▶ _Data excerpt_

↓↓↓

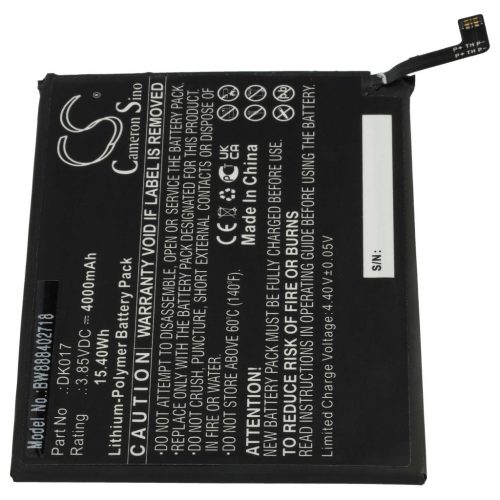 VHBW Mobile Phone Battery for Blackview DK017 - 4000 mAh 3.85 V Li-Polymer - Smartphone Battery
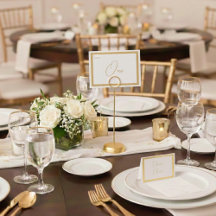 Elegant Foil Wedding Table Number Tent - ONE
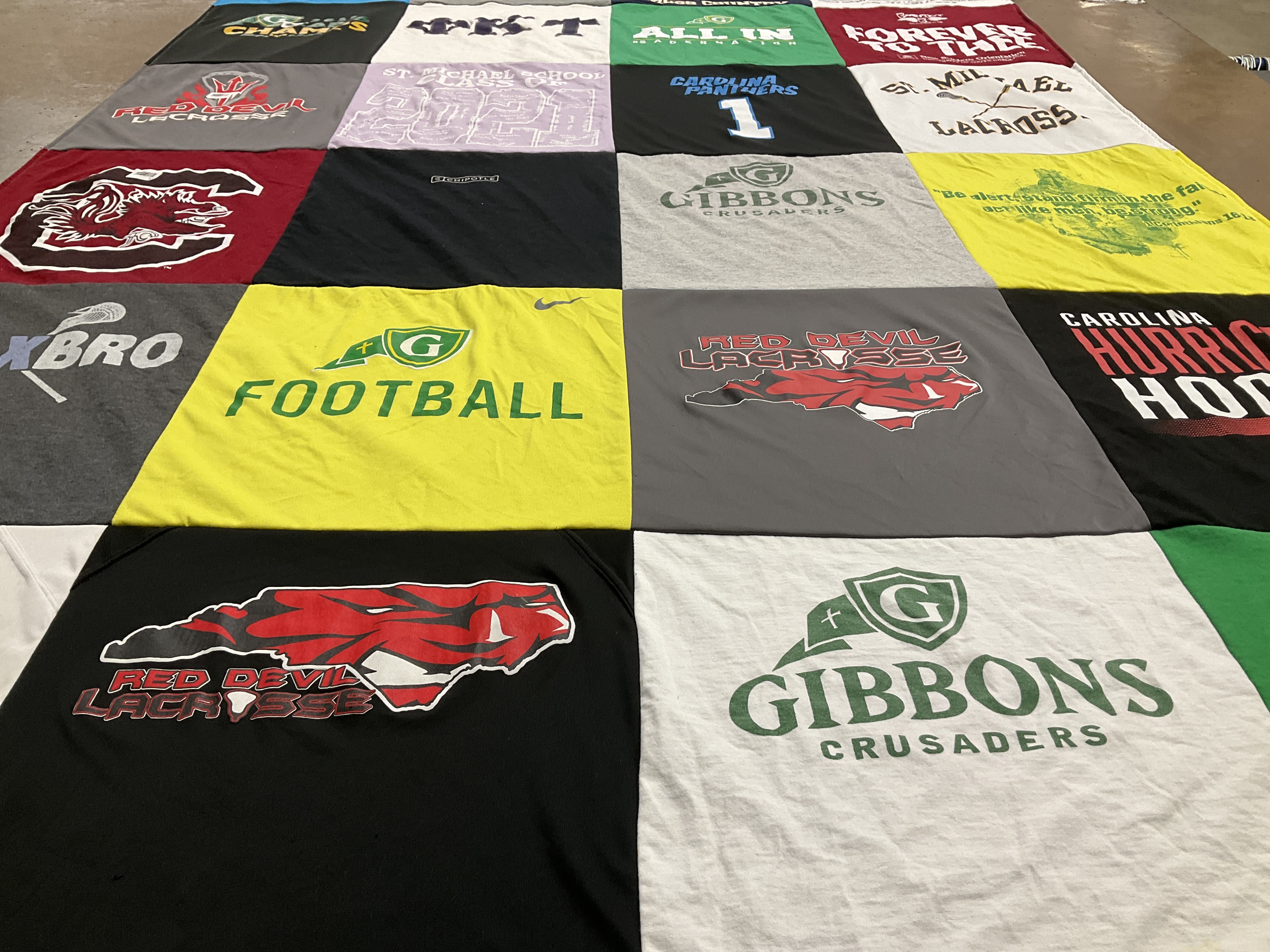 T-shirt quilt featuring carolina panthers, carolina hurricanes by Kristee from NC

↑↑↑

▶ _How to complete this task_
From the line with "Elegant Foil Wedding Table Number Tent - ONE" to the last line of the material, both inclusive, set down every line exactly and nothing else; omit pictures.

▶ _Reply to the task_
 Elegant Foil Wedding Table Number Tent - ONE
 T-shirt quilt featuring carolina panthers, carolina hurricanes by Kristee from NC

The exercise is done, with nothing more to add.